Bref, même si Bergevin ne fournit pas de chiffres, il est clair qu'on parle d'une différence de plusieurs centaines de milliers de dollars par saison. L'impact sur les huit années du contrat est donc important.

«Au bout du compte, il est content, et nous aussi, dit Bergevin. Et dans deux ans, on dira peut-être: "Quelle entente!" C'est souvent comme ça: tu paies plus que tu veux, mais à long terme, c'est un bon deal. »

Bergevin a été préoccupé par l'impact du contrat de Subban sur le plafond salarial du Canadien jusqu'au terme des négos. Cela explique en partie pourquoi l'affaire a été longue à régler.

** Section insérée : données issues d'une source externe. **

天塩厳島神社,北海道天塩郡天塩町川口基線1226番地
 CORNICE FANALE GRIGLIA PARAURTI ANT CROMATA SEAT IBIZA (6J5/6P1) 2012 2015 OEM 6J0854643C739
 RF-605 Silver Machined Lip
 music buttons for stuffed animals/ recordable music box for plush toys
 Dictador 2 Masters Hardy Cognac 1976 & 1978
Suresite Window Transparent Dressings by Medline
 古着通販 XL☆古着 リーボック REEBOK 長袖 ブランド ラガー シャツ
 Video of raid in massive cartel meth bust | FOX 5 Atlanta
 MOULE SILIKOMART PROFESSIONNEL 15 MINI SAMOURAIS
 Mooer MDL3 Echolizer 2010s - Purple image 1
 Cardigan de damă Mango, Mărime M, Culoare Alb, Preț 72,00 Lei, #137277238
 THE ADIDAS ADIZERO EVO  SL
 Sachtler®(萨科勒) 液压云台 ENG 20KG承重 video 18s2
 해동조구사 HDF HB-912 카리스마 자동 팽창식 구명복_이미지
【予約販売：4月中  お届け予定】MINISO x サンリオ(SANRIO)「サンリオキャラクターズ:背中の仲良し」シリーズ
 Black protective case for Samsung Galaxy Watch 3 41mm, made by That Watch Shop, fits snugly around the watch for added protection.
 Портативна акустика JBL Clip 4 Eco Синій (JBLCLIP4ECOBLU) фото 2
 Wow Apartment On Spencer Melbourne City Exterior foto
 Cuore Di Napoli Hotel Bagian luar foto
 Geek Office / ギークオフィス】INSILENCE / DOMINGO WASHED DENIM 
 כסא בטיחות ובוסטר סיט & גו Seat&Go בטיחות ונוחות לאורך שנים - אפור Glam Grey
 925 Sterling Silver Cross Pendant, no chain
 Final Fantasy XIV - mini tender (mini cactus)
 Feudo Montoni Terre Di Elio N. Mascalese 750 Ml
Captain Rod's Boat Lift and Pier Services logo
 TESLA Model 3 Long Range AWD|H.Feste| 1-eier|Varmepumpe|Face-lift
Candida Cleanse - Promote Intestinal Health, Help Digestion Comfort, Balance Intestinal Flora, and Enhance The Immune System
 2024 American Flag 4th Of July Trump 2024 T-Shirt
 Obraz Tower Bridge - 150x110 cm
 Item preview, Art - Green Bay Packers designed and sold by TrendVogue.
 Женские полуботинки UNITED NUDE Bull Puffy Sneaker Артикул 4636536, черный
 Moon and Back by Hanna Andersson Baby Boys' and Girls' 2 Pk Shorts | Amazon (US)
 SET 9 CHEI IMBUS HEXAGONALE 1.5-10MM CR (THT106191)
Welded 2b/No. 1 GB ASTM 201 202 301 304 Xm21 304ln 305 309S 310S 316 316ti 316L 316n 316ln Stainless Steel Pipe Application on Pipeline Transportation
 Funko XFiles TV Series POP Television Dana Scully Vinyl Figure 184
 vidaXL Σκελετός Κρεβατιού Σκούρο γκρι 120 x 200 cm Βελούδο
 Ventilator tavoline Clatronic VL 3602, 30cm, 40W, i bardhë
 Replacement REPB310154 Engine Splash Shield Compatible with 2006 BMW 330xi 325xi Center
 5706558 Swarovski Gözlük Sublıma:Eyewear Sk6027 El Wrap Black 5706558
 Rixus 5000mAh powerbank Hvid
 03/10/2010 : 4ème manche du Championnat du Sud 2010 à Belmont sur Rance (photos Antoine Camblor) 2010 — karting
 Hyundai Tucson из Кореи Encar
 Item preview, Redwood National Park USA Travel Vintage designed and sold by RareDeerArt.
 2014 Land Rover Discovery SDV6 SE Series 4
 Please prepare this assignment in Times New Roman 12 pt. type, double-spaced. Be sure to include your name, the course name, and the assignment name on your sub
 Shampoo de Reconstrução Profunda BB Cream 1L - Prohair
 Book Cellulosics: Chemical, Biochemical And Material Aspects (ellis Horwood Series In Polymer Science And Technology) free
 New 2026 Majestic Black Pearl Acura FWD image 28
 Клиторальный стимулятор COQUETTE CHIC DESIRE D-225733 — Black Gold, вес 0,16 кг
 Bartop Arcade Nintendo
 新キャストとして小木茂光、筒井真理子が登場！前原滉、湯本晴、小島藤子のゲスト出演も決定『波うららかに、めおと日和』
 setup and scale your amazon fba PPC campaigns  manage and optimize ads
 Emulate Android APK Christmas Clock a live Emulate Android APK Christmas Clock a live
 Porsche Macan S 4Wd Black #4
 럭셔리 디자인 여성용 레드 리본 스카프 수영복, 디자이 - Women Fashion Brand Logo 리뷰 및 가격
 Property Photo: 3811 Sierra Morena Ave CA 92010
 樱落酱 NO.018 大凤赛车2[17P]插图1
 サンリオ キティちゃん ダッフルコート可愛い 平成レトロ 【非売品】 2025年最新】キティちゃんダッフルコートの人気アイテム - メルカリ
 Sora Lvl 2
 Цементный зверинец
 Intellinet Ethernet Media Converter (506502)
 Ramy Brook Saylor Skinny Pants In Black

D'autre part, le rôle de Geoff Molson dans le règlement a suscité de nombreux commentaires. Selon mes informations, l'influence du propriétaire de l'équipe a été déterminante. Mais Bergevin assure avoir mené l'affaire à sa guise jusqu'au bout. En tenant son patron informé.

Pourtant, Subban a parlé de «l'impact monumental» de Geoff Molson après avoir signé l'entente. Pourquoi? «À la fin de la journée, ce n'est pas mon argent, mais celui du propriétaire», répond Bergevin, selon qui Geoff Molson a posé un geste significatif, à la fois pour l'organisation et pour Subban, en autorisant ce contrat de 72 millions.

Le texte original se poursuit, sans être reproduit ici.